After leaving the White House, Taft had a successful career. The ex-president served as a law professor at Yale. In 1921, President Warren G. Harding (R-Ohio) appointed Taft Chief Justice of the US Supreme Court. Taft served as Chief Justice until 1930.

Herbert Hoover

President Herbert Hoover (R-California) was a victim of his time. Hoover lost reelection because the America that elected him died during his first term.

In 1928, Hoover won a landslide victory by winning 444 Electoral College votes. Hoover’s opponent, popular Governor Al Smith (D-New York) won just 87 Electoral College vote.

Hoover’s landslide resulted from the prosperity and fun of the Roaring Twenties. Woodrow Wilson’s unpopular decision to take make America into World War I also assisted Hoover In 1928, many Americans blamed Democrats for an unpopular war.

Four years later, in 1932, America was a completely different place. The stock market had collapsed in 1929, triggering the Great Depression.

Many Americans blamed Big Business and capitalism for the nation’s problems. Voters knew Hoover as a champion of both. The attributes that attracted voters to Hoover in 1928 were liabilities in 1932.

Additionally, Hoover’s actions were unsuited to the situation. Relief efforts using private charities were inadequate. Hoover’s determination to enforce the unpopular Prohibition angered voters, a stiff drink was one of the few luxuries impoverished Americans could still afford and the President wanted to deprive people of that.

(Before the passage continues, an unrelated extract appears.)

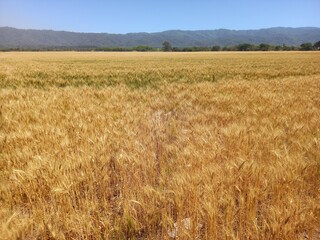 Golden wheat fields in Northern Argentina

In addition, Hoover’s signature economic policy; the Smoot-Hawley Tariff, probably made the depression worse by destroy the market for American exports. That killed factory jobs and wiped out markets for American agricultural products.

To explain, Smoot Hawley increased 900 import tariffs by 40% to 50%. That led foreign governments to retaliate with high tariffs which killed international trade.

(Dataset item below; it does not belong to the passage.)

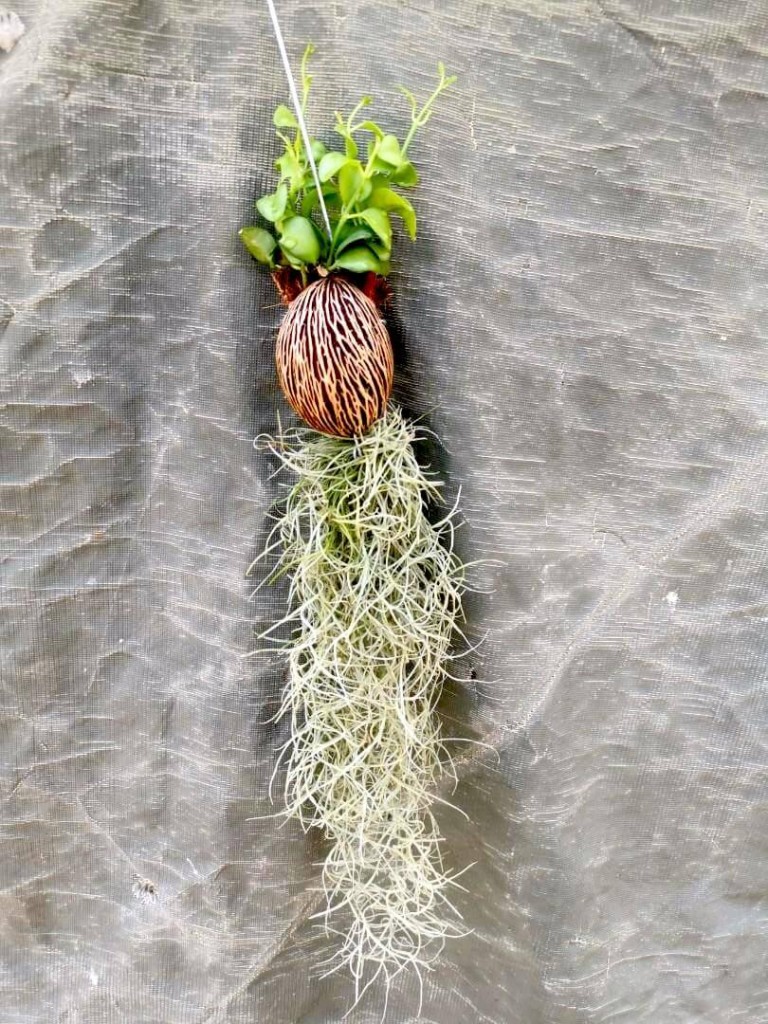 Hanging Ornamental Plant » Foliage • Teo Joo Guan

By 1932, Hoover was the most unpopular man in America, blamed for the Depression and its effects such as the Bonus March. Hoover won just 59 Electoral College votes and carried only five states in 1932. His opponent Franklin D. Roosevelt (D-New York) won 472 Electoral College votes and carried 43 of the 48 states.

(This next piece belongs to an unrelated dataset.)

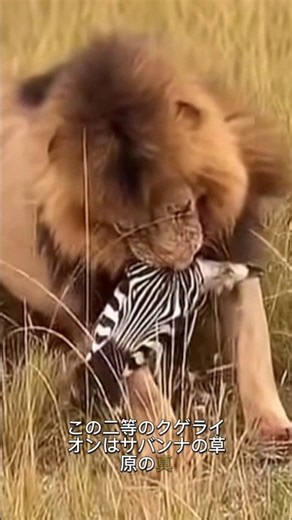 2頭の雄ライオンがシマウマを狩り、成功した。 #lion #animals ＃狩猟＃ライオン #シマウマ #捕食者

Herbert Hoover spent the next 32 years of life in restless activity. Hoover traveled the world, wrote many articles and books, and remained an influence in the Republican Party. However, Hoover never found another role except as grumpy ex-president. Presidents Harry S. Truman (D-Missouri) and Dwight D. Eisenhower (R-Kansas) appointed Hoover to advisory commissions, then ignored.

Hoover exemplifies the problems presidential losers face. He was just popular enough to be a nuisance, but lacking any real influence. Hoover died at the Waldorf Astoria in Hotel New York City in 1964.

George H. W. Bush

Similarly to Martin Van Buren (D-New York), George H. W. Bush (R-Texas) was the heir to a popular president. In Bush’s case, it was Ronald Reagan (R-California).

As with Van Buren, voters began reassessing many of the popular president’s policies and decided they didn’t like them after he left. In addition, Bush like Hoover saw the world change completely on his watch.

The Cold War ended, and the Soviet Union collapsed. However, voters credited Reagan not Bush for the Cold War victory. In addition, Bush’s victory in the 1991 Persian Gulf War was popular but not grand enough to change voters’ minds.

Additionally, the end of Communism allowed many voters to reconsider voting for Democrats. The fear that a Democrat could be soft on Communism was no longer an issue because Communism itself was no longer an issue. Thus the draft-dodger Bill Clinton (D-Arkansas) became a credible presidential candidate.

By 1992, voters had become tired of 12 years of Republican presidents. A lackluster economy and a new kind of Democrat (Clinton) made Bush the first presidential looser in 54 years.

George H. W. Bush retired gracefully and became a popular elder statesman and ex-president. Bush lived long enough to see his son George W. Bush (R-Texas) elected president twice. Bush was one of the few ex-presidents to embrace his role.

History shows that neither voters and public opinion are not kind to presidential losers who refuse to ride off into the sunset. I think Donald J. Trump (R-Florida) will have a tough time bucking those historical trends.